===== Information provided =====

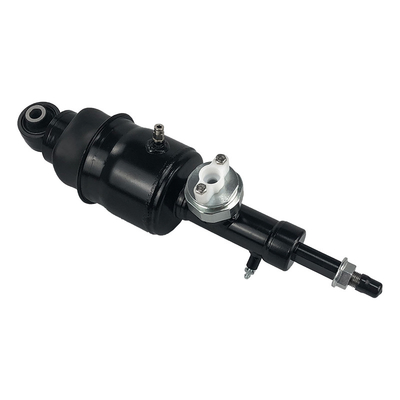 E62101LA8B โช้คอัพไฮดรอลิกด้านหลังซ้ายขวาสำหรับ Infiniti QX56 QX80 Z62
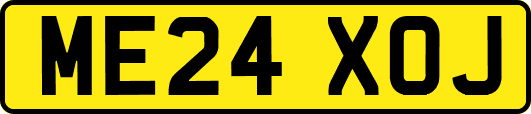 ME24XOJ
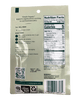 Dip Mix, Creamy Dill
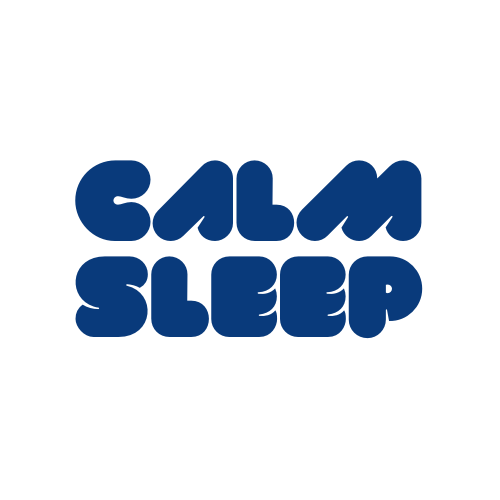 CalmSleep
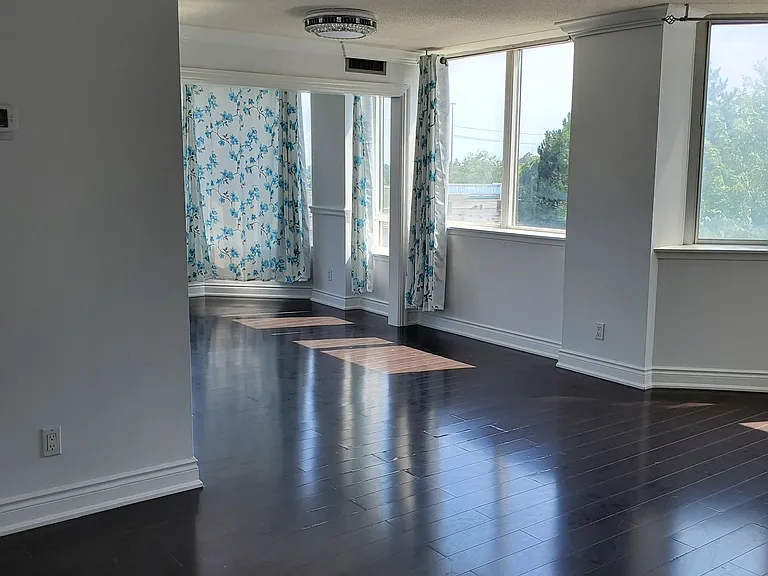 11753 Sheppard Ave E #324 — Photo 22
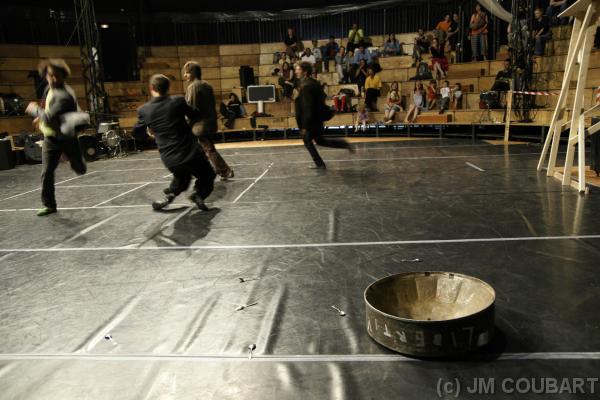 Diapositive suivante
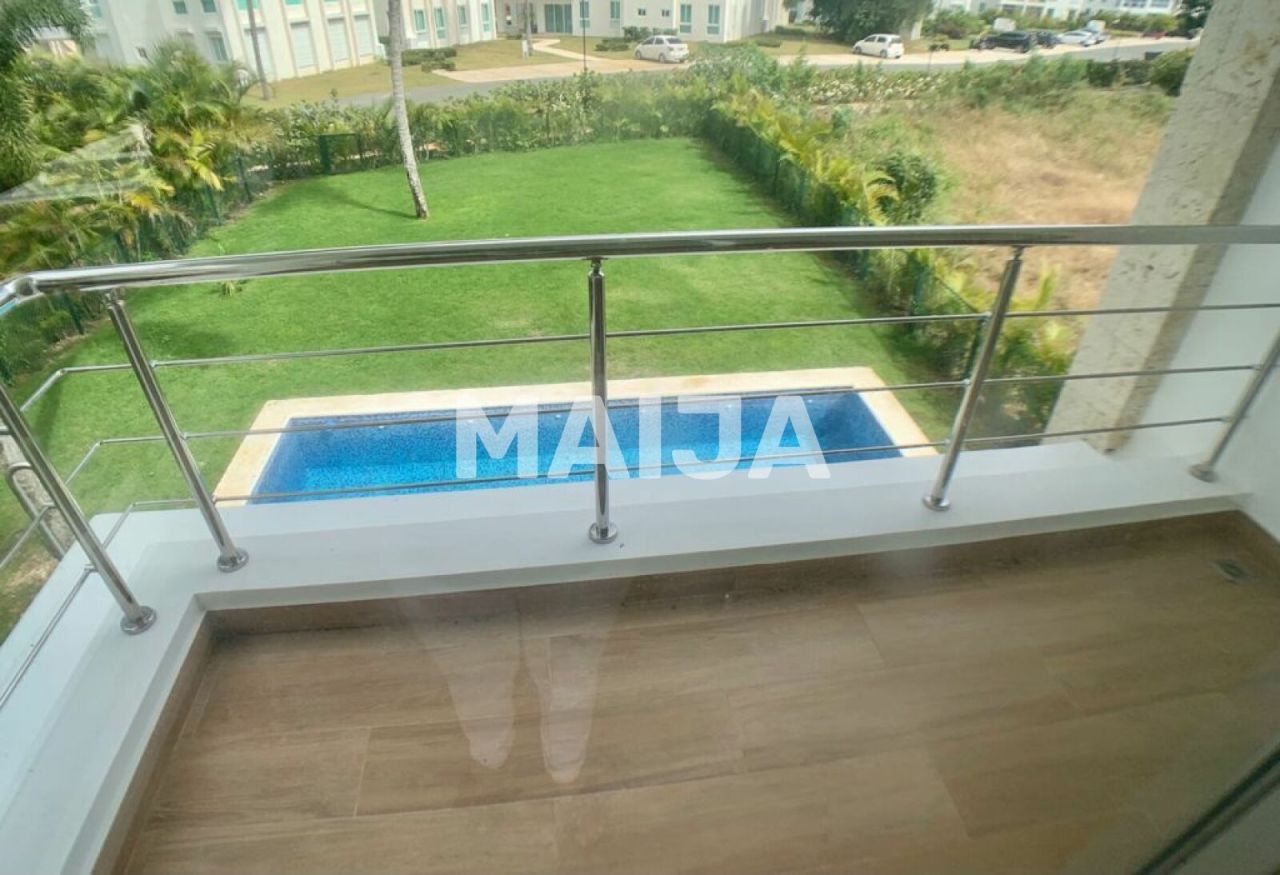 Вилла в Ла-Романе, Доминиканская Республика, 457 м² - фото 12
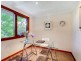 37 Hill Street, Crafers West SA 5152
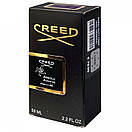 CREED Absolu Aventus Perfume Newly чоловічий 58 мл, фото 6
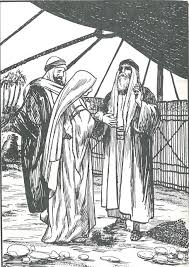 Her mother was umm roman zainab (r.a.) and her father was abu bakr siddiq (r.a.), two of the most trusted companions of prophet (s.a.w.). Halimah Bint Abi Dhuayb Wikipedia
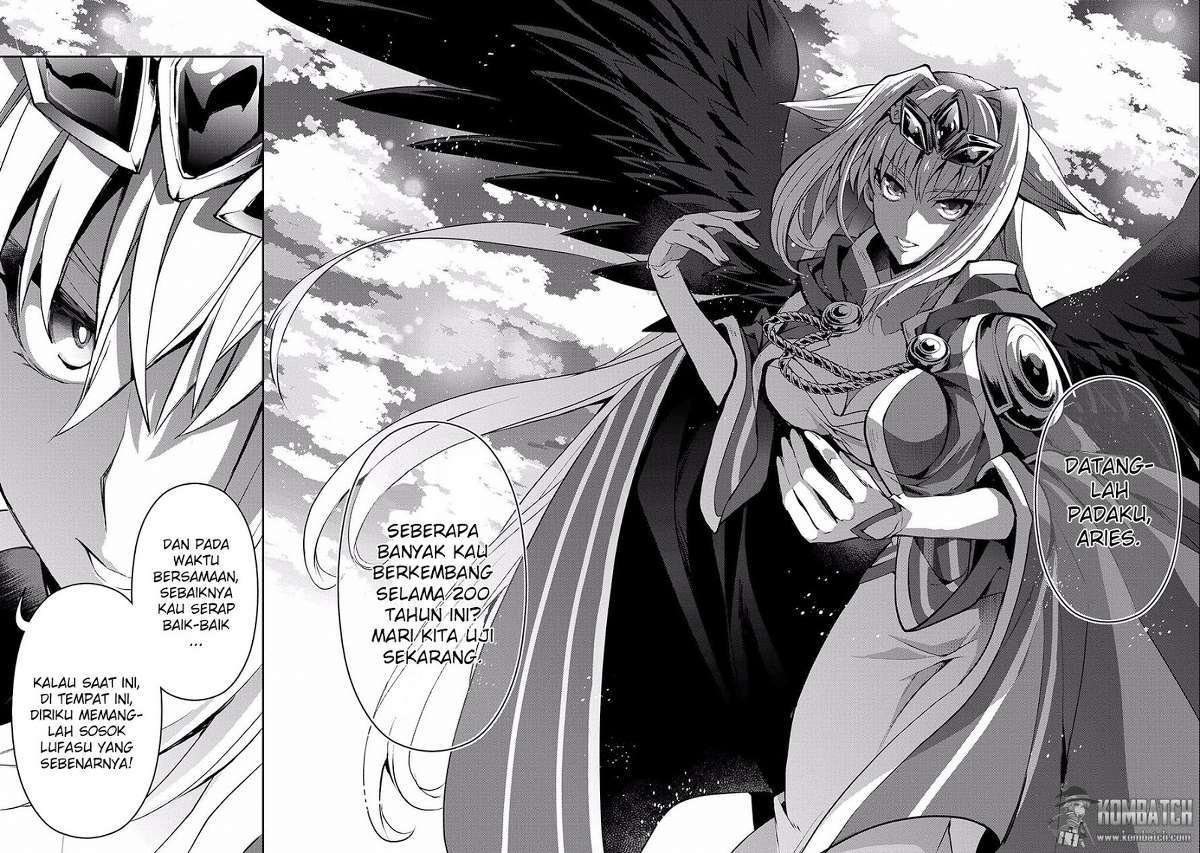 Chapter 5 - halaman 14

=====

* [What is expected] Leave out the pictures and repeat the lines from the start of the material through the line with "CREED Absolu Aventus", inclusive.

* [Answer for this exercise]
 E62101LA8B โช้คอัพไฮดรอลิกด้านหลังซ้ายขวาสำหรับ Infiniti QX56 QX80 Z62
 ME24XOJ
 Dip Mix, Creamy Dill
 CalmSleep
 11753 Sheppard Ave E #324 — Photo 22
 Diapositive suivante
 Вилла в Ла-Романе, Доминиканская Республика, 457 м² - фото 12
 37 Hill Street, Crafers West SA 5152
 CREED Absolu Aventus Perfume Newly чоловічий 58 мл, фото 6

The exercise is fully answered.